The Capital of Annapolis reported recently on the alarmingly low penalties assessed by the Maryland Department of Environment for massive spills of raw sewage—containing a mix of untreated human, residential, agricultural, and industrial wastewater—into the state’s waters. This article supports one of the key findings from CPR’s report, Failing the Bay: Clean Water Act Enforcement in Maryland Falling Short, released earlier this year. These low penalties, sometimes “about the same as a speeding ticket,” do not and cannot serve as the basis of an effective, deterrence-based enforcement program—precisely what is needed to compel compliance with the Clean Water Act and state water quality laws.
The article reports on raw sewage spills from publicly operated sewer management systems, using information obtained through a Maryland Public Information Act request. In 2009, the sewer system operated by the Anne Arundel County government spilled nearly 200,000 gallons of raw sewage into local streams, creeks, and rivers, which eventually flow into the Chesapeake Bay. For this, the county paid only $3,950 in fines, or slightly less than 2 cents per gallon of sewage. Currently, the maximum penalty is $5,000 per day of discharge violation, but some of the larger county governments are under consent decrees that specify penalty maximums.

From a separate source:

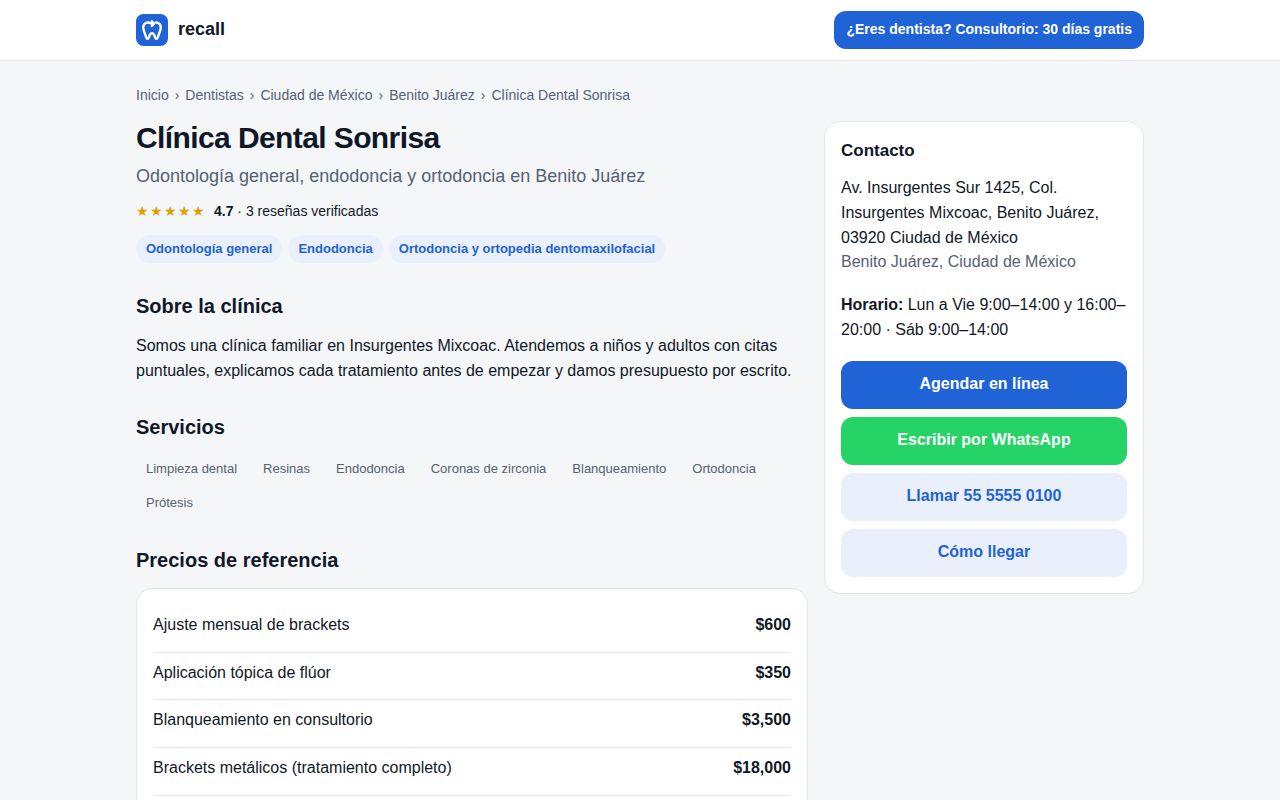 Perfil público de Clínica Dental Sonrisa con el bloque Precios de referencia: Ajuste mensual de brackets $600, Aplicación tópica de flúor $350, Blanqueamiento en consultorio $3,500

For example, Anne Arundel’s fees are $50 for 100 gallons or less of sewage and no more than $1,000 for more than 100,000 gallons.
These sewage spill fines and other water-related fines are deposited in Maryland’s Clean Water Fund. According to Maryland law, MDE is required to use the Fund for monitoring and protecting both surface waters and groundwater from pollution discharges, for sediment control, and for managing sewage sludge. MD Envt’l Code § 9-320. As the article reports, it’s no secret that the Fund is used to fill in MDE’s budget gaps or to stabilize the overall budget for the Water Management Administration (WMA) at MDE.

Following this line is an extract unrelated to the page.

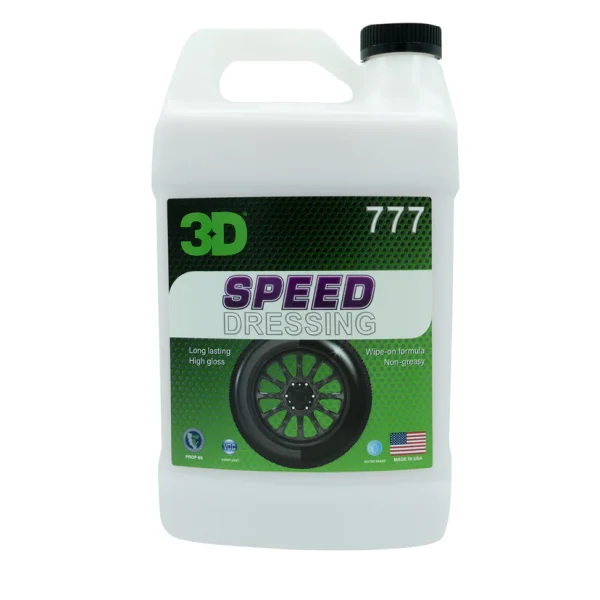 3D Speed Tire Shine 1 Gallon / 3.79L premaz za gume formuliran je na bazi vode specifično za davanje ultra visokog sjaja. Formulacija na bazi vode nudi dugotrajna svojstva većine premaza na bazi otapala i ulja – ali bez nereda. 3D razumije da ljudi voli kada njihove gume izgledaju kao da su mokre od sjaja. Ako se ovo odnosi na Vas, svidjet će Vam se 3D Speed Tire Shine 1 Gallon / 3.79L premaz za gume.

Jay Sakai, the head of the WMA, acknowledges in the article that fines like “$100 for an overflow doesn’t really incentivize anything,” but also defends the low penalties by noting that “at the end of the day, it’s the fixes, not the penalties” that will reduce sewage spills. While physical improvements to the sewage infrastructure and earlier detection of problems are undoubtedly the solutions to preventing sewage spills, without a motivating factor—like stiff penalties—there’s little incentive to implement those solutions. And looking at these penalties, it’s hard to consider them as anything other than the cost of doing business: in the absence of public scrutiny, it’s much less costly to pay $1,000 in fines than millions in upgrades.
There are generally two approaches to securing compliance with environmental laws: cooperative enforcement and deterrence-based enforcement. Cooperative enforcement relies on regulated facilities’ goodwill and understanding of the applicable laws to assure compliance. While this approach is highly favored by regulated facilities, few states have demonstrated improvements in compliance or environmental indicators based on this approach.

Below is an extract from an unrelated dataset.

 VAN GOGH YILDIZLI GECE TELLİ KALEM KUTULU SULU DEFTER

On the other hand, deterrence-based enforcement is premised on the basis of compliance costs that are less than the cost of noncompliance. Regulated entities are motivated to comply because to do otherwise would be detrimental. Deterrence-based enforcement consists for four primary components:
- Sufficient, consistent, and regular compliance monitoring to identify violators;
- Timely initiation of enforcement action against violators;
- A strong mandate that the violator come into compliance with the applicable laws and regulations; and
- Imposition of penalties that recover the economic benefit gained from violating the law and that provide a deterrent for future violations.
Knowing that you’ll get caught is a first step, but knowing you’ll get caught and you’ll face something more than a slap on the wrist makes all the difference in the world. In the Failing the Bay report, we recommended that MDE not settle for penalties that fail to deter dischargers from violating applicable laws and regulations. As an alternative incentive, MDE should leverage its enforcement authority to bring judicial actions against violators. MDE should also follow the legislative mandate for the use of Clean Water Funds, and to help them, the Maryland General Assembly should provide adequate and consistent funding for MDE so that the agency does not have to compensate for budget decreased by pilfering the Fund.